---------- RECORDS TO USE ----------
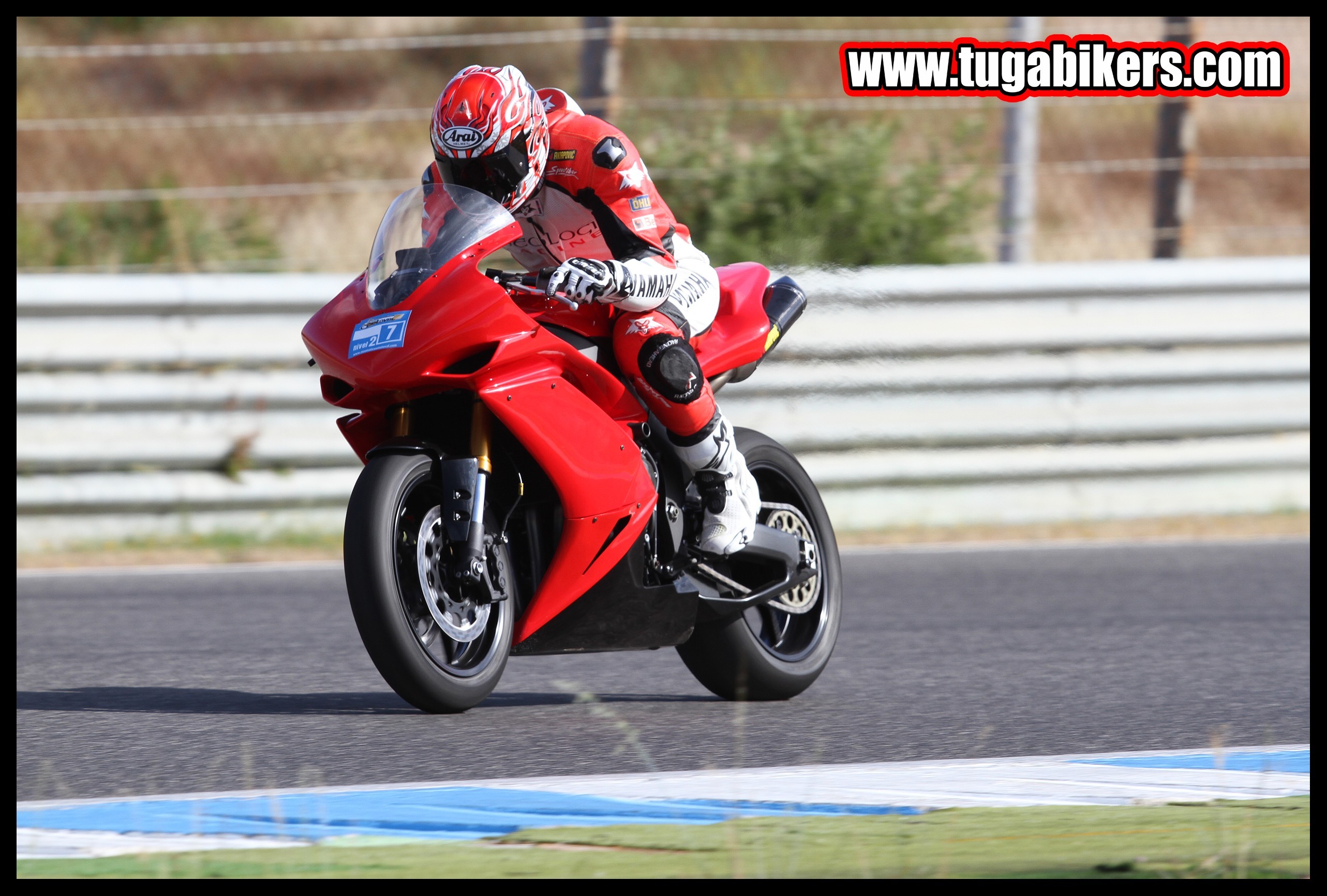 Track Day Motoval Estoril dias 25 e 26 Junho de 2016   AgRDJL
----------
---------- RECORDS TO USE ----------
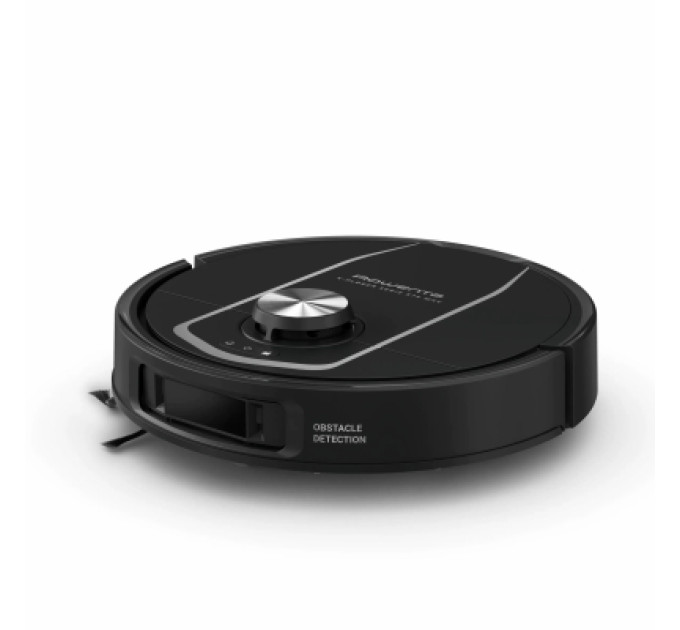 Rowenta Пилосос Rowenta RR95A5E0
----------
---------- RECORDS TO USE ----------
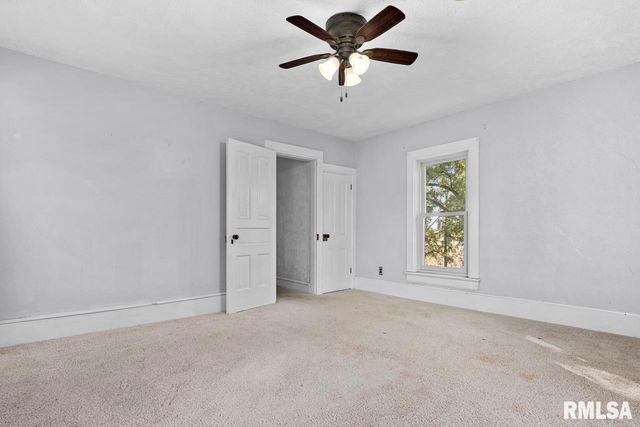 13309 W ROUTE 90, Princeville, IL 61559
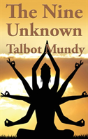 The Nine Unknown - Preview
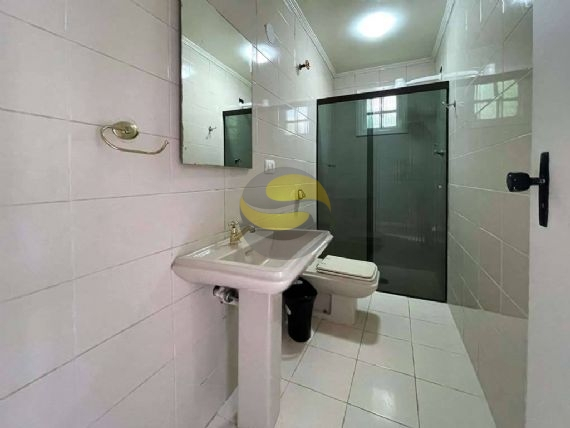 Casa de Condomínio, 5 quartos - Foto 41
----------
Reproduce the listing above only between the lines holding "13309 W ROUTE 90, Princeville, IL 61559" and "Casa de Condomínio, 5 quartos - Foto 41", inclusive. Every line must match exactly, and pictures are dropped.

 13309 W ROUTE 90, Princeville, IL 61559
 The Nine Unknown - Preview
 Casa de Condomínio, 5 quartos - Foto 41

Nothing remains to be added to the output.